Der UN-Berater spricht in seinem Abschiedsbrief speziell über seinen Chef, Aussenminister Sergei Lawrow (72): «In 18 Jahren wurde er vom gut ausgebildeten Intellektuellen, von dem Kollegen viel hielten, zu einem Menschen, der dauernd widersprüchliche Aussagen macht und der Welt mit Nuklearwaffen droht!»
Heute ginge es im Aussenministerium nicht mehr um Diplomatie. Es gehe nur noch um Lügen, Hass und Kriegstreiberei. «Russland hat keine Verbündeten mehr, und niemand ist dafür verantwortlich zu machen, ausser seine eigene rücksichtslose Politik.» Bondarew bestätigte sein Schreiben gegenüber der Nachrichtenagentur Associated Press.
Als Reaktion auf Bondarews Brief forderte die Menschenrechtsorganisation Uno Watch alle anderen russischen Diplomaten bei den Vereinten Nationen – und weltweit – auf, seinem Beispiel zu folgen und zurückzutreten. Die russische Mission in Genf hat sich noch nicht zu Bondarews Rücktritt geäussert.
«Er hat die Handlungen der russischen Führung verurteilt»
Der Kreml hat sich nach der Kündigung eines russischen Diplomaten bei den Vereinten Nationen in Genf von dem Mann distanziert. «Man kann hier wahrscheinlich nur sagen, dass Herr Bondarew nicht mehr zu uns gehört – vielmehr, dass er gegen uns ist», sagte Kremlsprecher Dmitri Peskow am Dienstag in Moskau nach einem Bericht der Nachrichtenagentur Interfax.

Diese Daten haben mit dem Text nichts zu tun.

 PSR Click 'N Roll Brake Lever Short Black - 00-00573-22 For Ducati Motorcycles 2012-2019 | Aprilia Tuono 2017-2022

«Er hat die Handlungen der russischen Führung verurteilt – und die Handlungen der russischen Führung werden praktisch von der gesamten Bevölkerung unseres Landes unterstützt. Das bedeutet, dass sich dieser Herr gegen die allgemein vorherrschende Meinung unseres Landes ausgesprochen hat.»